In many ways, the US-China clash is premised on the dark side of economic nationalism from both side of the Pacific. Trump’s willingness to prioritize the rectification of major US economic imbalances through a naïve mercantilism has matched with the US security establishment’s concerns with China and hawkish economic nationalists now sitting in the White House. This combination of factors has translated into a heavy-handed China policy, in turn emboldening hawks in Beijing, which is unwilling to make a meaningful deal. In short, both sides believe that the counterpart is weaker than it meets the eye: China smells Trump’s weakness, especially after the Democratic Party’s decision to push forward on impeachment, while White House officials believe that sputtering Chinese growth will convince Chinese Communist Party officials of the merits to cave in to US pressure. Due to economic frictions, China is doubling down on fiscal expenditure and investment incentives for its high-tech industries and, with a view on the long term, Xi Jinping has called for an era of “self-reliance” in the development of new technologies.

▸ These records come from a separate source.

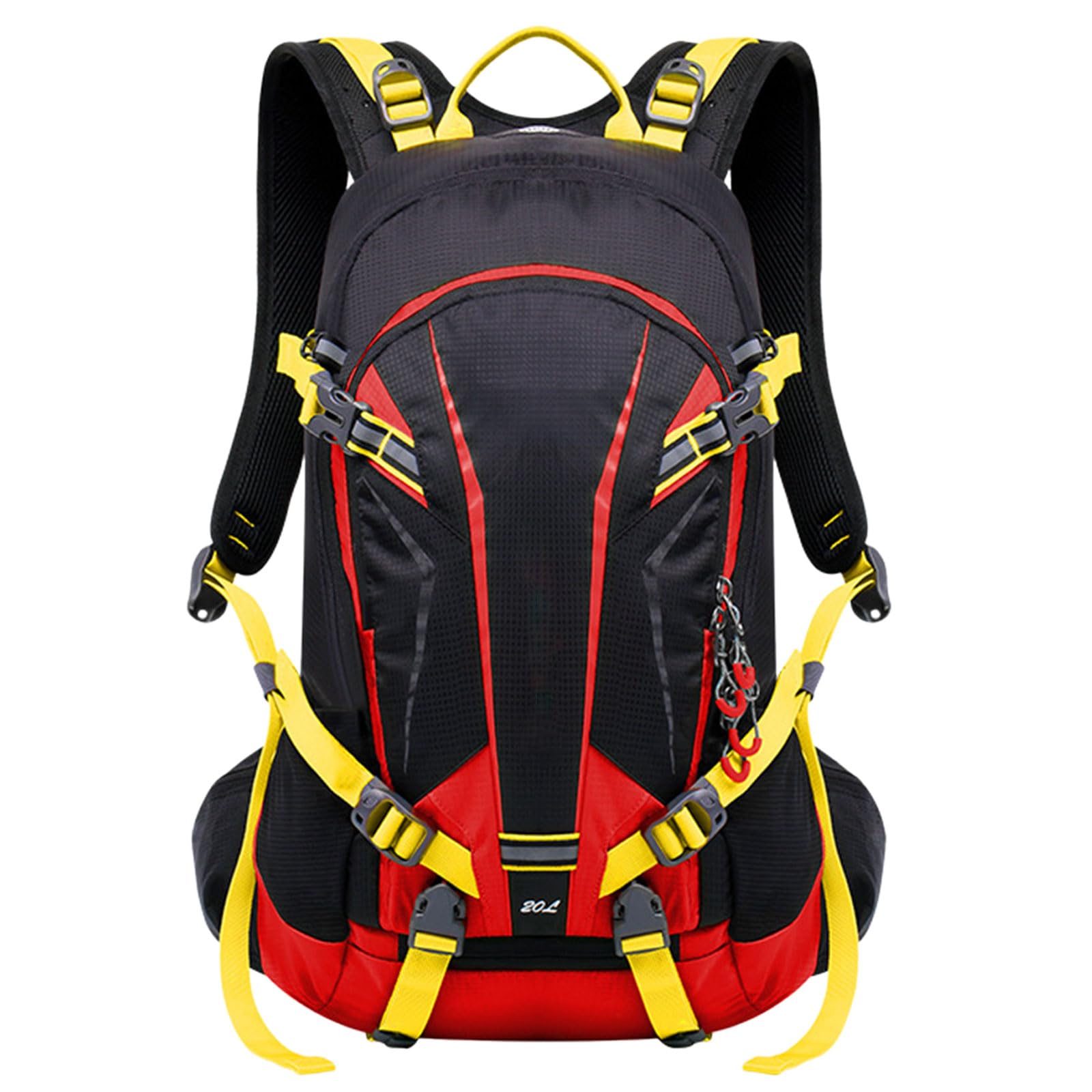 Grande capacità zaino sport palestra borsa doppia tracolla con tracolla regolabile palestra borsone zaino pieghevole viaggio, Nero Re, 28x16x47cm
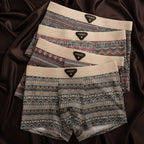 Men organic cotton boxer briefs with mesh ventilation and contoured U-pouch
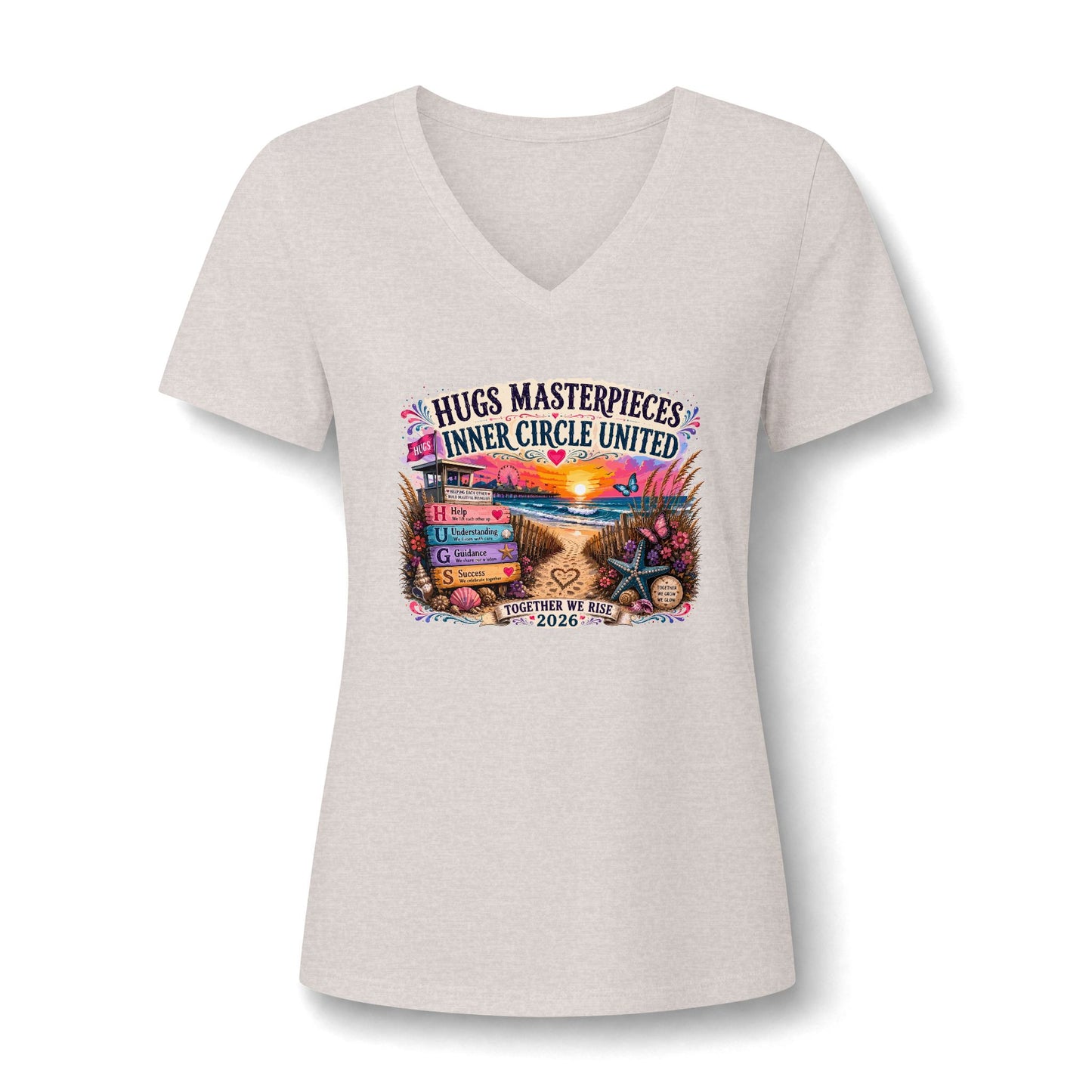 HUGS Masterpieces Inner Circle United 2026 Women’s V-Neck Tee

Meanwhile, as tit-for-tat protectionism of the 1930s reminds us, nationalism can easily feed into a zero-sum spiral of distorted market and unfair trade practices met with import tariffs, beggar-thy-neighbour policies and so on. Rather than blaming powerful economic counterparts for their own malaise, western democracies and China alike may well want to study Japan’s pragmatic remedies to ameliorate the slippery slope of present-day economic nationalism. Make no mistake: calls for economic decoupling or self-reliance, like earlier ones for autarky and economic self-sufficiency, will make us all poorer and exacerbate the risks of war.